Not only has the internet allowed easier access to fashion, creating the menswear category, it has also created a culture which further fuels the growth of the menswear market. We are, according to Keren, “bombarded with visual information every time we log-in to the internet and so the way we look has become extremely important, for both men and women. The younger generation spends a lot of time on Facebook and Instagram, and we are judged by the way we look, in photos and videos. It’s a popularity contest.” Bergl agrees, noting that a major part of the menswear “industry and world is broadcasting to the world that you own something that few other people own. It can be an exclusive club when you get the newest piece of gear from a certain designer. The internet allows you to show everyone that you do in a matter of seconds. I think that has spurred people to get into it.”

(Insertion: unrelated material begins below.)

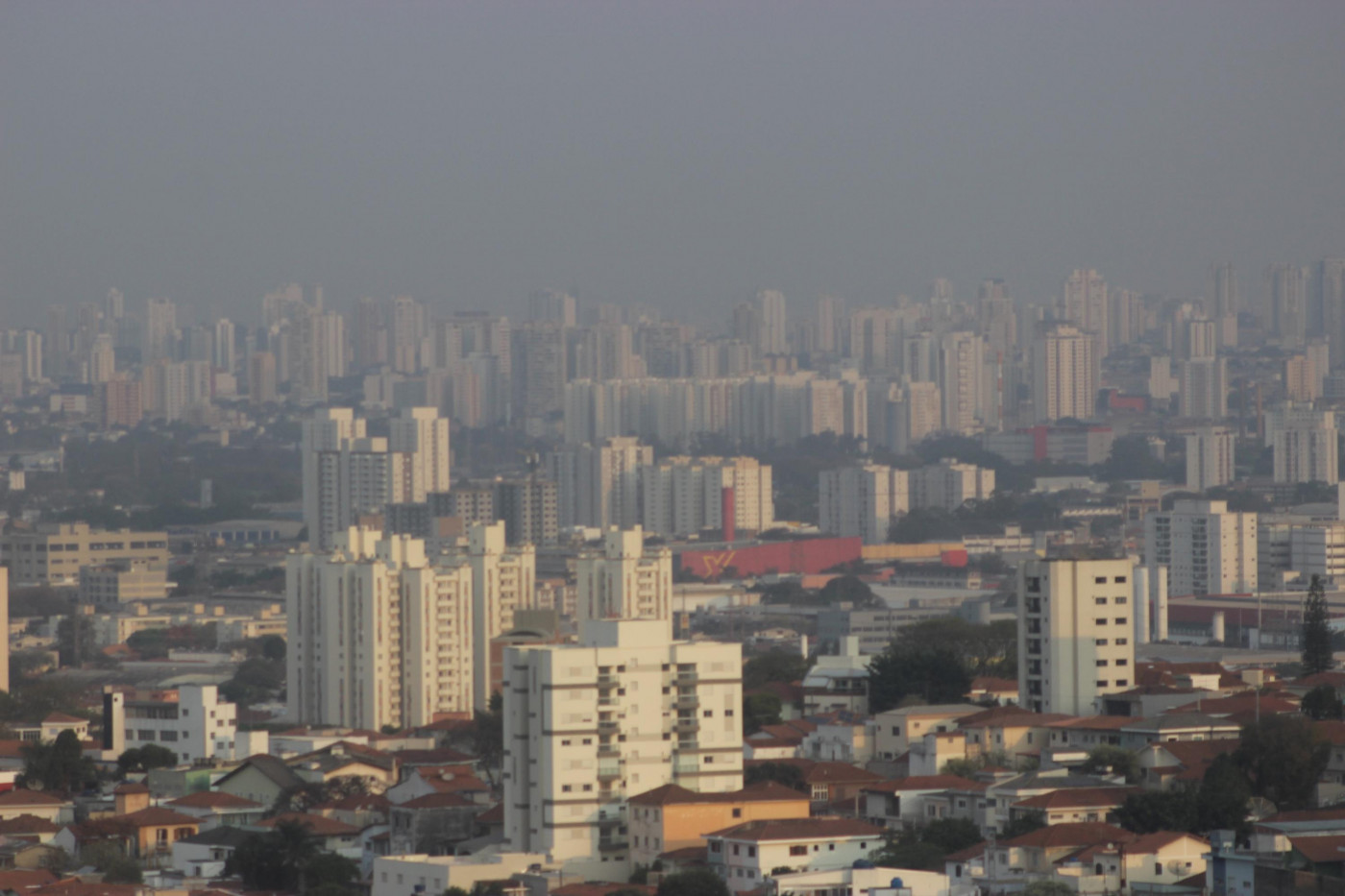 Vista aérea da cidade de São Paulo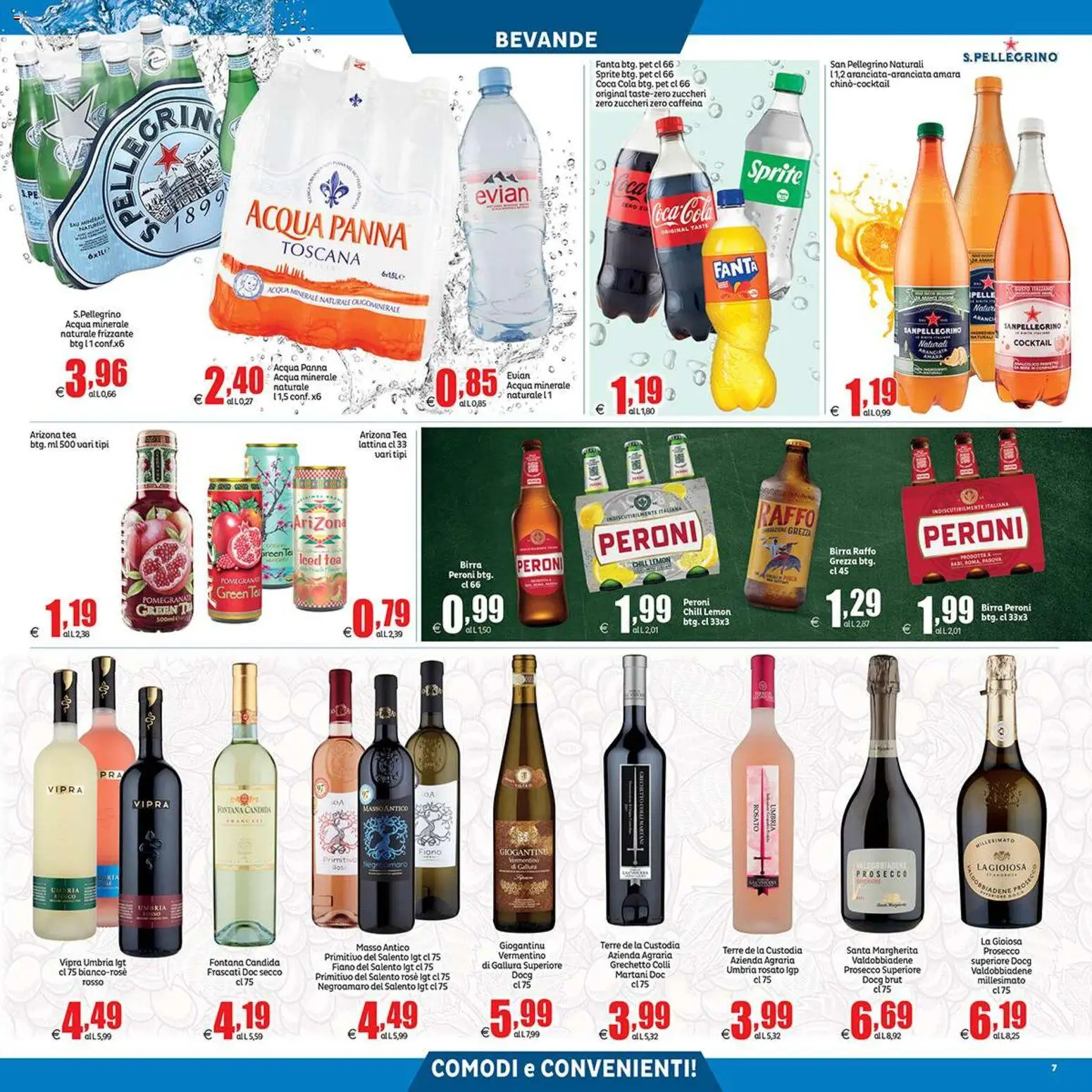 Volantino Elite Supermercati del 21/08/2026 | Pagina: 7 | Prodotti: Birra Raffo, Acqua Panna, Panna, Acqua minerale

High-end comes to the high street
There is also the symbiotic rise of the fast-fashion industry. According to Bergl, prior to the internet, “[f]ashion used to be so closed off and private, a very upper-class activity and only those with money and access to expensive designer clothing were a part of the world.” The internet has, at least partially, broken down these walls. Although the cost of high-end clothing brands has gone nowhere, with menswear blogs, forums and online magazines, anyone is able to appreciate high-end brands being written about and coveted over. Bergl tells me that “[t]here are guys I know who will never really be able to afford a Dries Van Noten topcoat, but they’ll either save up for it or just never buy it but look on and appreciate it for what it is”.
While many menswear fans may look on and never be able to afford such high-end items of clothing, they can now purchase a similar looking version at a fraction of the price. Fast-fashion companies such as Zara, H&M and ASOS provide near-versions of the latest high-end designs. This has allowed for menswear followers to pursue their interest in high-end fashion but opt for, when necessary, more affordable lookalikes. Much-hyped collaborations between such fast-fashion companies and high-end designers have also made high-end fashion more accessible. The 2014 Alexander Wang x H&M collection meant that those who had spent time online admiring a £600 sweatshirts by the New York designer Alexander Wang were able to purchase clothing by him at a fraction of the price.
European Monitor International estimates that by 2019 menswear sales will contribute $40bn to the global apparel market. The growth is not just on the consumer side. Keren has seen an increase in students studying menswear at his university: “I see a growth in the number of fashion students that are choosing to specialize in menswear…from 10 students a decade ago to about 40 graduating from Parsons this year”. With all of these factors behind the growth of menswear showing no signs of abetting, nor does the growth of menswear. The clothes men put on and go to work in has never been so important.